_Assigned task_.
Please restate, word for word, the lines below that begin at the one with "Kit Office Caramelo" and end at the one with "2 PCS Mini Artist". Leave out all other lines.

Provided entries START

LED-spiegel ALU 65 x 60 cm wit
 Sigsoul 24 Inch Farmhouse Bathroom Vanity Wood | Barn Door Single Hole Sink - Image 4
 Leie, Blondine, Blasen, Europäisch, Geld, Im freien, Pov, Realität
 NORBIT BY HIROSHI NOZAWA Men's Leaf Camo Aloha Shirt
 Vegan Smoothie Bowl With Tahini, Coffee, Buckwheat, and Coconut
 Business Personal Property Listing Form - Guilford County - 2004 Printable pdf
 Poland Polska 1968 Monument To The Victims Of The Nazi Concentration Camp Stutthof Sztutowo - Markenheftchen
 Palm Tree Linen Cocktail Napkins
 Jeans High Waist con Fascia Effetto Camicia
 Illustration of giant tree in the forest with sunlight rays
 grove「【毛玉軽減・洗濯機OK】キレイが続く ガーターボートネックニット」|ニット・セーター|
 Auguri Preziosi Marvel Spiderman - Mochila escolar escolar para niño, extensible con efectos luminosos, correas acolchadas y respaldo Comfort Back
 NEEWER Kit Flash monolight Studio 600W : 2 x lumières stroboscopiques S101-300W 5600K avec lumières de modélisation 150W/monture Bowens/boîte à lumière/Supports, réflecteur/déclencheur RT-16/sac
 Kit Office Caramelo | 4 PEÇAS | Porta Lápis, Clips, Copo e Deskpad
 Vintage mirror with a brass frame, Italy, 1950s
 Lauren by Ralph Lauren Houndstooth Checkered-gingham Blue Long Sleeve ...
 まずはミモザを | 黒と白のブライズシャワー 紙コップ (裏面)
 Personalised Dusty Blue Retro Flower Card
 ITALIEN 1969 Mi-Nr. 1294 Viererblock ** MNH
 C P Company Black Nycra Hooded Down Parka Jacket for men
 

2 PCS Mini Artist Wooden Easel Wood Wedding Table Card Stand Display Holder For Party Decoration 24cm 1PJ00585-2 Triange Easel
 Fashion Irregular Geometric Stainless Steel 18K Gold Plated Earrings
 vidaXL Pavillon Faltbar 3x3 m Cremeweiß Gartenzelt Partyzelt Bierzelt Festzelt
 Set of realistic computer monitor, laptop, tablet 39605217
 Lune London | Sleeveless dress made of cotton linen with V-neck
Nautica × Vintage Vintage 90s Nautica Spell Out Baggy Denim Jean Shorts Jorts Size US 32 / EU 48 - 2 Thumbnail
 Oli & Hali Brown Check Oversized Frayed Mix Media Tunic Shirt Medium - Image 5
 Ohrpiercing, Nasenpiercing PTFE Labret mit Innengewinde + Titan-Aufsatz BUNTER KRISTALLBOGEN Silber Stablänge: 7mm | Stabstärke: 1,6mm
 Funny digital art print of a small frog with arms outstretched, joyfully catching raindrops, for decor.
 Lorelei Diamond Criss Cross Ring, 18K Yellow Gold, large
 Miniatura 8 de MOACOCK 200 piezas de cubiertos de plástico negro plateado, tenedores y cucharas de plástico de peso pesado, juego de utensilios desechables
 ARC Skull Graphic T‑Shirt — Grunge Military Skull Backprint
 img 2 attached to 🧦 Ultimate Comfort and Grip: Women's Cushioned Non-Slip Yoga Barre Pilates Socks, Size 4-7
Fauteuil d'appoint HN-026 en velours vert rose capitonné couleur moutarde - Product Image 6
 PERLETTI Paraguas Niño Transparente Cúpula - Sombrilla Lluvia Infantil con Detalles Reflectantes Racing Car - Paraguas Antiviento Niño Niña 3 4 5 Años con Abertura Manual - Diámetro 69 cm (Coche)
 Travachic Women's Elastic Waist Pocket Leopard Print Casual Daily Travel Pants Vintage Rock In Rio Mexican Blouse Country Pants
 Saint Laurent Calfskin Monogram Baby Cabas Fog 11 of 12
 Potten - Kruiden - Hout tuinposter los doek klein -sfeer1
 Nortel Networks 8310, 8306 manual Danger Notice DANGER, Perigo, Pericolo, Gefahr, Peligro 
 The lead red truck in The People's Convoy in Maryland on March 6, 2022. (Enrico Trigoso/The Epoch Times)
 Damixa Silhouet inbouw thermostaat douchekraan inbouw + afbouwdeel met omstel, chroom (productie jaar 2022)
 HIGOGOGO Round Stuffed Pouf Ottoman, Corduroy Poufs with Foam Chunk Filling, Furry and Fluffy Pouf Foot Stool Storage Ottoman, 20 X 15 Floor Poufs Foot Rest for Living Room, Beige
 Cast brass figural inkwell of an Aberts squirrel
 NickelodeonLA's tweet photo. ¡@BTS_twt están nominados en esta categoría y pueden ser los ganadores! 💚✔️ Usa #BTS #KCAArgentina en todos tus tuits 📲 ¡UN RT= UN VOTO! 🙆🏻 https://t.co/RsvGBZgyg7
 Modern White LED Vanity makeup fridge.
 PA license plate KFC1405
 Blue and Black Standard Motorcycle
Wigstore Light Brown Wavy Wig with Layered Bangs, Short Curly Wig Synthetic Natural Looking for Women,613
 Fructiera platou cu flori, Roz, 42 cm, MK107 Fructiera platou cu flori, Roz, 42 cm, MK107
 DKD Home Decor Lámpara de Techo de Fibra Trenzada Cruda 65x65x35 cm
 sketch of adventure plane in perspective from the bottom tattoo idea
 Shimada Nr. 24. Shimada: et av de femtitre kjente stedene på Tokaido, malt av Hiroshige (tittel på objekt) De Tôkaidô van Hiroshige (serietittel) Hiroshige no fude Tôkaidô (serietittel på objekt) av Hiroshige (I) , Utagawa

Provided entries END

_The completed task_.
 Kit Office Caramelo | 4 PEÇAS | Porta Lápis, Clips, Copo e Deskpad
 Vintage mirror with a brass frame, Italy, 1950s
 Lauren by Ralph Lauren Houndstooth Checkered-gingham Blue Long Sleeve ...
 まずはミモザを | 黒と白のブライズシャワー 紙コップ (裏面)
 Personalised Dusty Blue Retro Flower Card
 ITALIEN 1969 Mi-Nr. 1294 Viererblock ** MNH
 C P Company Black Nycra Hooded Down Parka Jacket for men
 

2 PCS Mini Artist Wooden Easel Wood Wedding Table Card Stand Display Holder For Party Decoration 24cm 1PJ00585-2 Triange Easel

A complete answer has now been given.